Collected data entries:

====

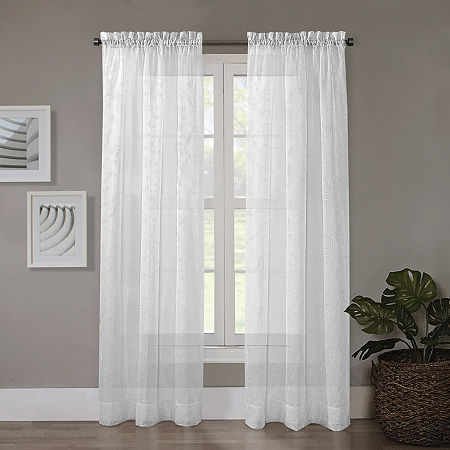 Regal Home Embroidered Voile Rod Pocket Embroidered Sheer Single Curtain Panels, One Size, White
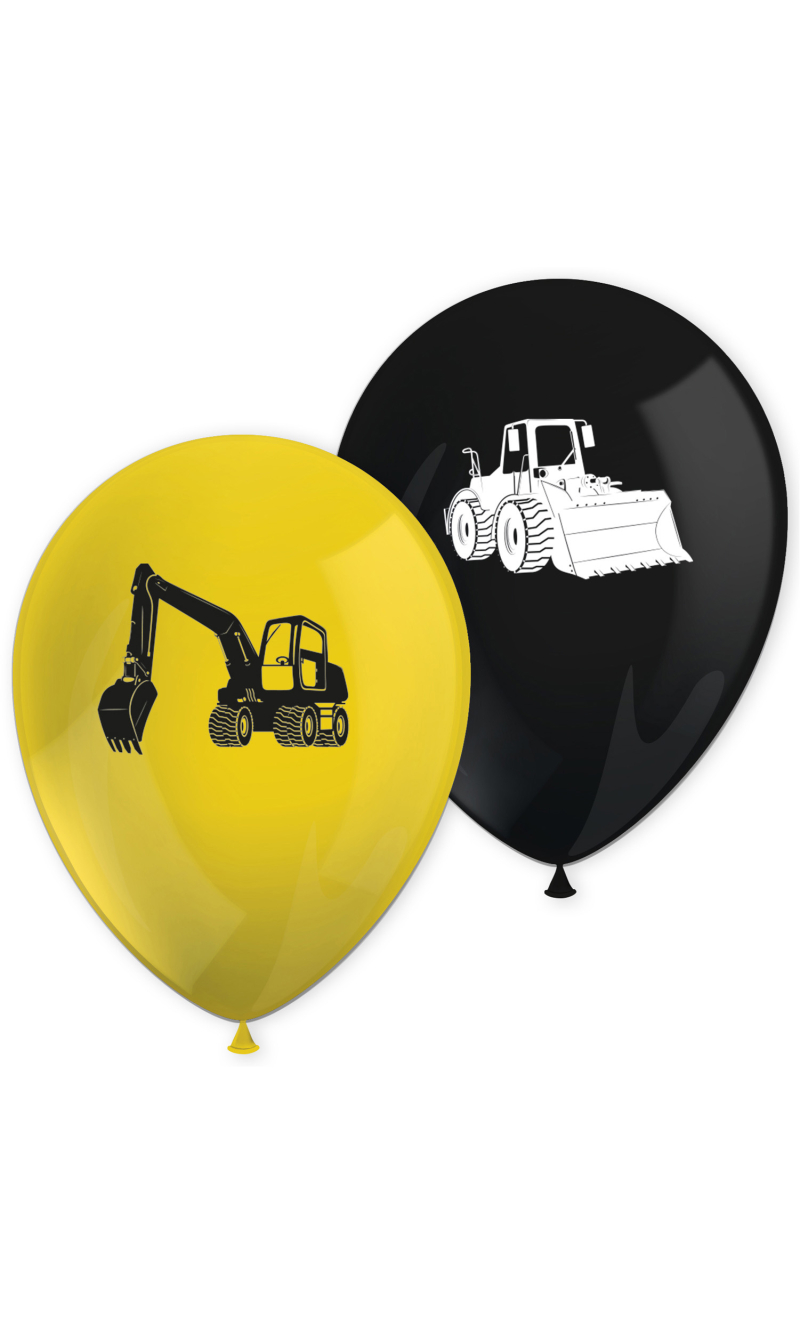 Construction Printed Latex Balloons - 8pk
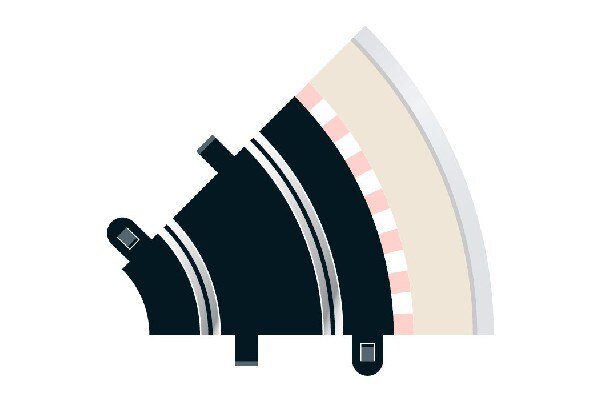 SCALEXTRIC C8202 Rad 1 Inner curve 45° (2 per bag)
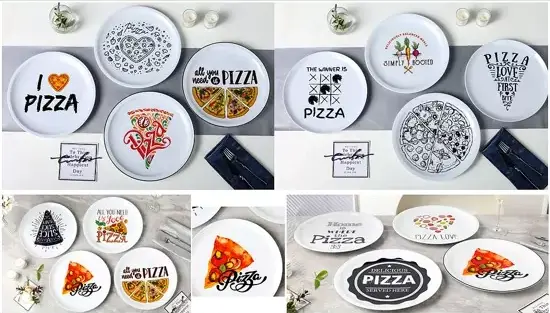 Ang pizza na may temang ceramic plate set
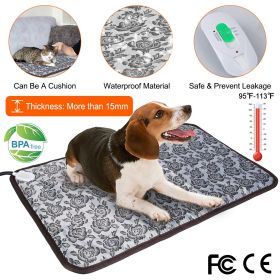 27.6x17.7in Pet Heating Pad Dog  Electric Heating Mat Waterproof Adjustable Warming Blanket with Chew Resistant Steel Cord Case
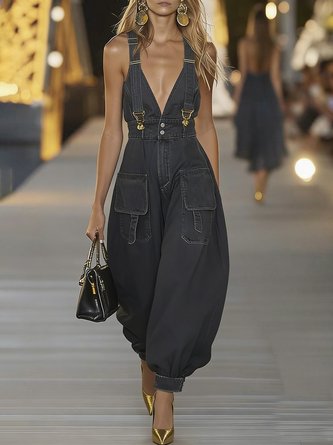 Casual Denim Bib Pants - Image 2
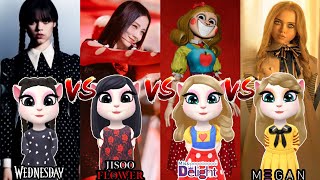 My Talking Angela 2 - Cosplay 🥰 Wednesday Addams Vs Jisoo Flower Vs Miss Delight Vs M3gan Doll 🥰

====

◆ Required action:
From the line that holds "SCALEXTRIC C8202 Rad" to the last line of the records, please copy each line exactly and nothing else. Pictures stay out.

◆ Task output:
 SCALEXTRIC C8202 Rad 1 Inner curve 45° (2 per bag)
 Ang pizza na may temang ceramic plate set
 27.6x17.7in Pet Heating Pad Dog  Electric Heating Mat Waterproof Adjustable Warming Blanket with Chew Resistant Steel Cord Case
 Casual Denim Bib Pants - Image 2
 My Talking Angela 2 - Cosplay 🥰 Wednesday Addams Vs Jisoo Flower Vs Miss Delight Vs M3gan Doll 🥰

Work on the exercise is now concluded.